The effective timing window for showing ads varies with the product being advertised. For example, someone searching for “emergency plumber” is likely to make a quick decision about a provider and then be out of the market. It would likely be ineffective to serve ads to this user even 24 hours after their search. On the other hand, someone searching for a longer consideration item, such as “cheap home mortgage,” will likely take a longer time to decide on a provider, and it may make sense to serve them an ad a day, a week, or even a month after the search.

While display brings the ability to communicate with a prospect well after a search event, varying the recency window of when display ads are delivered is critical for success. Data has proven, time and again, that recency is almost always one of the top factors impacting campaign performance.

Data Quality Matters

A third major factor in the success of search marketing is the quality of the data. The quality of data used in search marketing is uniformly high; as it’s the result of a proactive action by the user, it’s directly tied to the user who will see the ad, and it’s immediate.

The data used in display varies widely in effectiveness, cost and reach. Search retargeting uses the same intent data that is used in search, with varying recency windows. Site retargeting, for example, uses very direct data about the sites and/or product pages visited. Contextual data targets users based on the current page that they are viewing. CRM data targets users based on online or offline customer interactions. Meanwhile, demographic and social targeting bring the advantage of large-scale but are not directly tied to the actions of a browser.

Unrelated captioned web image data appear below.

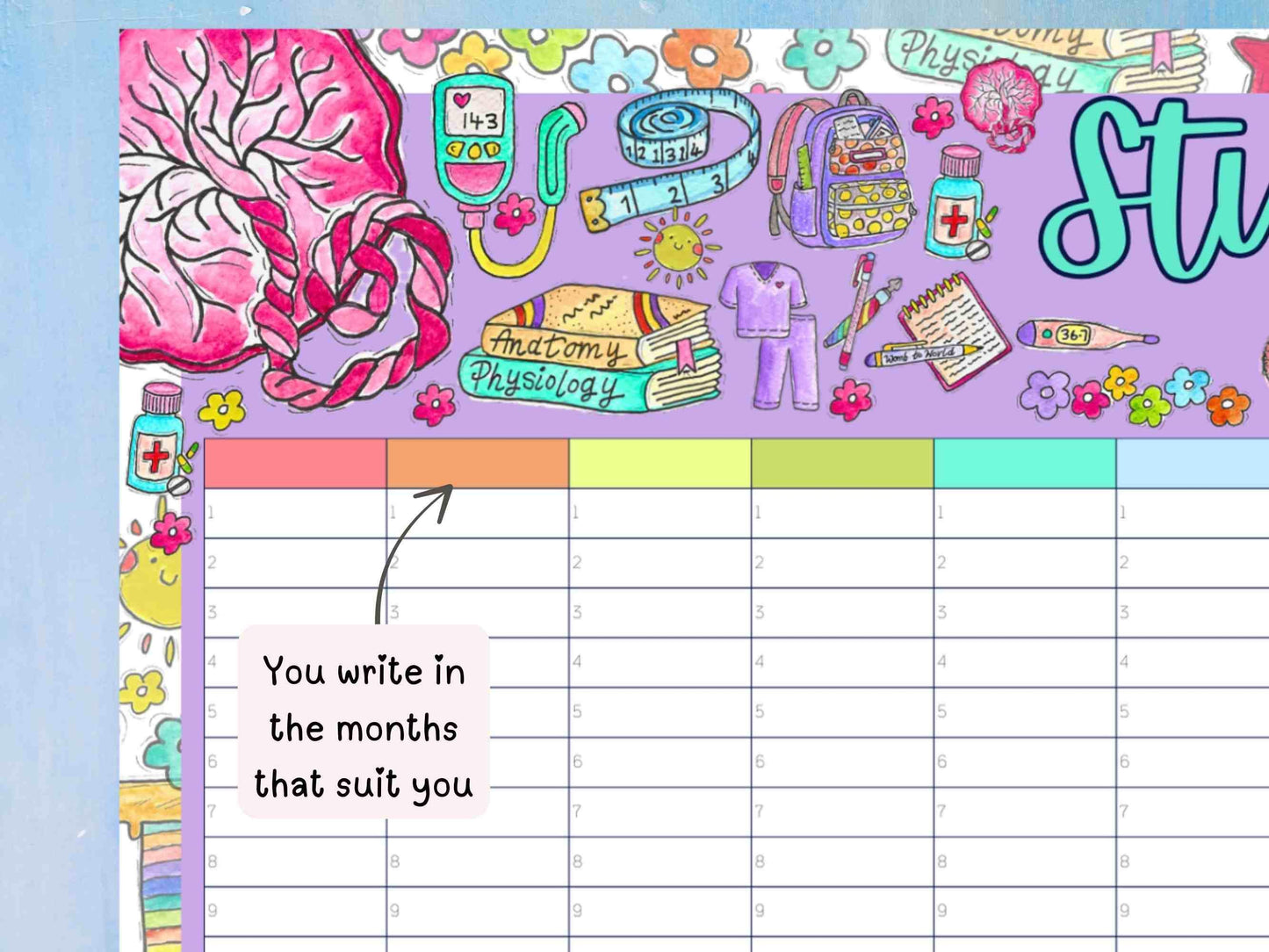 Student Midwife A1 Undated Wall Planner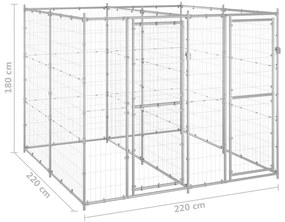 Κλουβί Σκύλου Εξωτερικού Χώρου 4,84 μ² από Γαλβανισμένο Χάλυβα - Ασήμι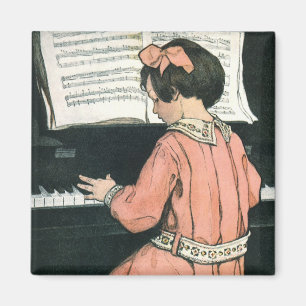 Schalen van Jessie Willcox Smith, Piano Music Girl Magneet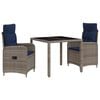 vidaXL Ensemble de repas ext&eacute;rieur 3 pcs polyrotin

So what can a display marketer learn from search regarding data quality? Depending on the goals of the campaign, all of the above data types can be highly effective. The key is transparency into the data elements, so that the advertiser can understand exactly which parts of the data are working and which are not.

Display has come a long way in the last few years and continues to close both the spending gap and the effectiveness gap with search. Moving towards unstructured data, variable recency and data transparency are just three ways with which marketers can move their display performance to the level of search. Even better, time spent on these efforts will also help them succeed in the quickly accelerating fields of mobile and video.